Iche had good intentions quite all right for his rural kinsmen. This is commendable since it was the wish expressed by his father on his death bed; however, his disposition towards their social problems as well as his response to some of their concerns was as insensitive as they were arrogant. With a first degree in Philosophy, A Master’s degree in Epistemology, and a Ph.D. in African Metaphysics and Realism, all from the University of Toronto, he was clearly conceited and the outcome of his reformist mission in Ezum was easy to foretell. He was operating from a different wavelength and it was to be expected that his esoteric ideas as well as his blunt refusal to adapt to the locals would only bring him in confrontation with entrenched beliefs. And ultimately to the personal failures that dotted his life.
Like Chinua Achebe’s Things Fall Apart, The Maverick is plotted in a rural African setting with a single with central figure whose rise or fall depended on how he responded to his conviction and issues in the society around him. For Things Fall Apart, it was Okonkwo, and for The Maverick, it was Iche Obeke. Their struggles in their societies are however inverse: while Okonkwo was the symbol of Umoofia’s resistance against the intrinsic cultures of the White man, Iche was the educated local who wished to spearhead the drive to develop Ezum by setting aside its long cherished cultures and traditions. Both ended tragically: while Okonkwo committed suicide out of frustration, Iche’s character and eccentricity got the better of him, so much that he failed in the most important things he set out to accomplish. Everything including his cherished marriage failed, leaving him with a family that became the butt of jokes.
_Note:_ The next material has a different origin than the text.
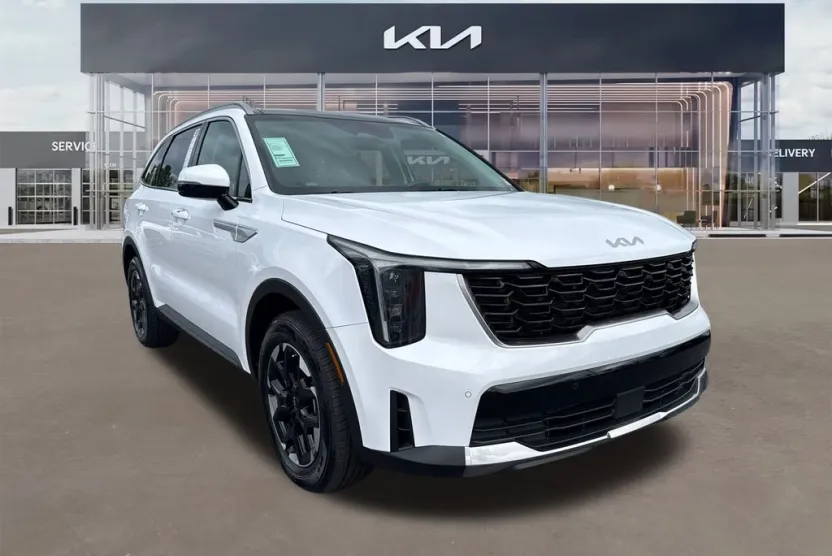 2024 Kia Sorento S photo 1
As I conclude, I must say that Chinedu Aroh did a very good job on this book, but I must point a few flaws. One important ingredient in any novel of this nature, especially with fictional reality, is that it should be believable. All the accounts have to add up. In a few areas of the book, there are gaping holes in the narrative. An example is in Chapter 3 where the author accounted for Iche’s return to Nigeria to meet an empty home after 15 years in Canada. The account said when his father died a year before his return, nobody informed him; he only guessed that the man was dead when his letters stopped coming to Canada. For a man who so influenced his life and his education, that was most improbable. The question a reader would ask is: what happened to mobile phones that have become commonplace? And if Chinedu Aroh had set his mind on those colonial days without mobile phones, like for Things Fall Apart, he probably forgot because he wrote on page 22 that Iche returned to Nigeria through the Akanu Ibiam International Airport. Was Akanu Ibiam an international airport in the colonial days?
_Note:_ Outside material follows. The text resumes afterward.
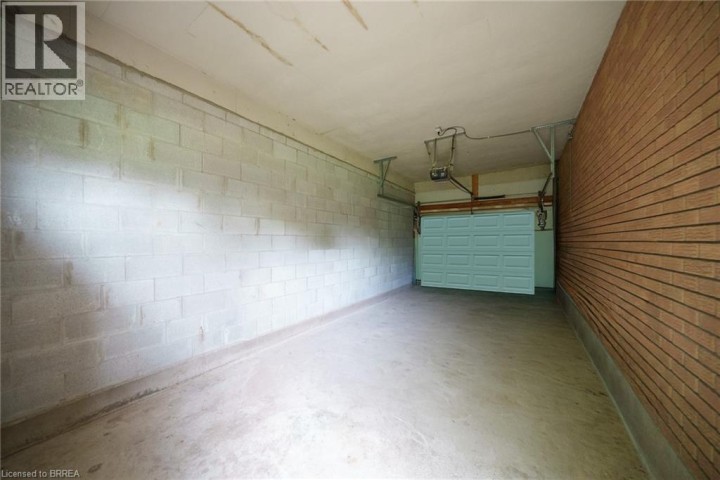 Photo 33 at 91 Varadi Avenue, Brantford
There are a few others, but they do not seriously hurt the quality of this book which is of a good plot and structurally compact. Indeed, after reading this book, I promised to nickname Chinedu Aroh the Chinua Achebe of Ezimo. Not just because they share the same CA initials, but because of a similarity in their writing. I changed my mind because in spite of the parallels one can draw from both authors, our own CA is actually carving a niche for himself, and I dare say it is a niche that we will all be proud of at the end.
With five books on the shelf already, including Sweet Mother which was mentioned in the Nigerian Prize for Literature Awards 2011, Chinedu Aroh is an author who is still unravelling. I will not hesitate therefore to commend him and recommend this book to the reading public, especially students of literature and critical thoughts.